Élisabeth de Castex, chercheuse en philosophie et en éthique appliquée, a publié en décembre dernier, sous l’égide de la Fondation pour l’innovation politique, un ouvrage intitulé L’utérus artificiel et la reproduction humaine. Réimaginer ses formes bouleverse les fondements de nos sociétés modernes, ouvre la voie à des transformations profondes de nos modèles sociaux et invite à une réflexion collective, sincère et
L’autrice entame son propos en retraçant les étapes clés des discussions autour du contrôle potentiel de la reproduction. Dès l’Antiquité, Platon, dans La République, envisageait déjà l’idée de façonner les générations futures à travers une reproduction sélective. Il aspirait ainsi à favoriser l’émergence d’une classe dirigeante idéale. Cette vision ne s’éteint pas avec les penseurs antiques ; elle prend une dimension centrale au sein du mouvement eugéniste, apparu au XIXe siècle. Ce courant, qui prône l'amélioration supposée de la « race humaine » par le contrôle de la reproduction, a servi à justifier certains des pires abus de l’histoire contemporaine ‒ rappelant que les avancées scientifiques ne s’inscrivent pas toujours au service de nobles causes. Cette idée a également été largement explorée dans la littérature, notamment par Aldous Huxley dans son œuvre emblématique Le meilleur des mondes, où il dépeint une dystopie où un contrôle accru de la natalité s’accompagne d’une domination sociale totale.
Les scientifiques modernes ont désormais pour objectif d’élargir les possibilités en matière de procréation et d’apporter des solutions aux problèmes d’infertilité. Cultiver des ovules et des spermatozoïdes en laboratoire pourrait bientôt devenir une réalité. L’autrice souligne que, bien qu’on ne soit qu’aux prémices de l’application de ces techniques sur l’humain, il est fort probable que des gamètes humains créés en laboratoire voient le jour d’ici la prochaine décennie. Parallèlement, les utérus artificiels promettent de révolutionner notre conception de la grossesse et de la naissance. Ces dispositifs pourraient offrir des solutions inédites face à l’infertilité ou aux risques liés aux naissances prématurées. Si, à ce jour, un utérus artificiel ne permet pas encore de mener une grossesse à terme, les avancées récentes ont déjà permis de sauver des enfants nés à un stade de prématurité critique, témoignant du potentiel extraordinaire de ces innovations médicales.

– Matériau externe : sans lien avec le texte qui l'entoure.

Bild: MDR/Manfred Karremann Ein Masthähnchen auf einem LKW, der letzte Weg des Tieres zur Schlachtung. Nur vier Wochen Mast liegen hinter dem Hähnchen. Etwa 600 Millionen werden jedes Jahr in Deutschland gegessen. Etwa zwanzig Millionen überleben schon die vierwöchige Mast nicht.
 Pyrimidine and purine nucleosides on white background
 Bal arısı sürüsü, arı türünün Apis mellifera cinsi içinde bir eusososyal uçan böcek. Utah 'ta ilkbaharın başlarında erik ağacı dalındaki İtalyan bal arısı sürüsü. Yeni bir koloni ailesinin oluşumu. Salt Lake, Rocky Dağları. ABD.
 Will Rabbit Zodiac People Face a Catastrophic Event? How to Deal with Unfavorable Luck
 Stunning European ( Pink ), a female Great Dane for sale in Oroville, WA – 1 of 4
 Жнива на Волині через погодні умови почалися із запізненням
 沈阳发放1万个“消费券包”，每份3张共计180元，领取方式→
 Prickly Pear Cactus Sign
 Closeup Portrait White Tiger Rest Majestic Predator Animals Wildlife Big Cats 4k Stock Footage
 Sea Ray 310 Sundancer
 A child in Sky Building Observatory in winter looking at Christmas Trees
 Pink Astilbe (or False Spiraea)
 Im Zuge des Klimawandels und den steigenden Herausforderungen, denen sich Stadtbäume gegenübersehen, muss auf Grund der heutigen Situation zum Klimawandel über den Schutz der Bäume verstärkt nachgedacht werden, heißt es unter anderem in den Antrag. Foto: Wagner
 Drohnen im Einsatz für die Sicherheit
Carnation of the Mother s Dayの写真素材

Toutefois, Élisabeth de Castex rappelle que chaque avancée dans les techniques de reproduction s'accompagne inévitablement de défis éthiques majeurs. Dans un monde où la grossesse deviendrait obsolète, comment redéfinirions-nous les structures de genre ? Et les dynamiques familiales ? Qu'en serait-il même de la notion de parentalité ? D’un côté, une telle révolution technologique pourrait affranchir les femmes du poids physique et psychologique de la grossesse, réduire les risques sanitaires et favoriser une égalité accrue dans les rôles de genre. Mais, à l'inverse, cette innovation pourrait exacerber les inégalités et figer les différenciations entre les sexes, en ancrant davantage l'idée que les femmes sont fondamentalement définies par leur capacité biologique à enfanter. Selon une logique productiviste, la grossesse peut être perçue comme un handicap à éliminer, permettant ainsi aux femmes de suivre des trajectoires professionnelles linéaires comparables à celles des hommes. Ces technologies, à la croisée de la libération et du conservatisme, possèdent un pouvoir déterminant : celui de remodeler les structures sociales ou, au contraire, de les pérenniser. La structure familiale traditionnelle tend à perdre sa centralité, nous incitant à repenser les notions de parenté et les dynamiques des liens familiaux. Les familles monoparentales et les couples de même sexe pourraient désormais avoir des enfants biologiques. Parallèlement, des questions juridiques complexes émergent, et nécessiteront une réflexion approfondie afin d’éviter toute forme de discrimination potentielle.
Élisabeth de Castex le martèle : ces avancées ne sont pas simplement des phénomènes qui « nous arrivent », mais des réalités que nous, en tant que société, avons le pouvoir de façonner par nos choix et les valeurs que nous portons. Il est essentiel de s'engager, avec l'ensemble des parties prenantes, dans un dialogue ouvert et transparent pour définir un cadre éthique apte à guider le développement et l’utilisation de ces technologies.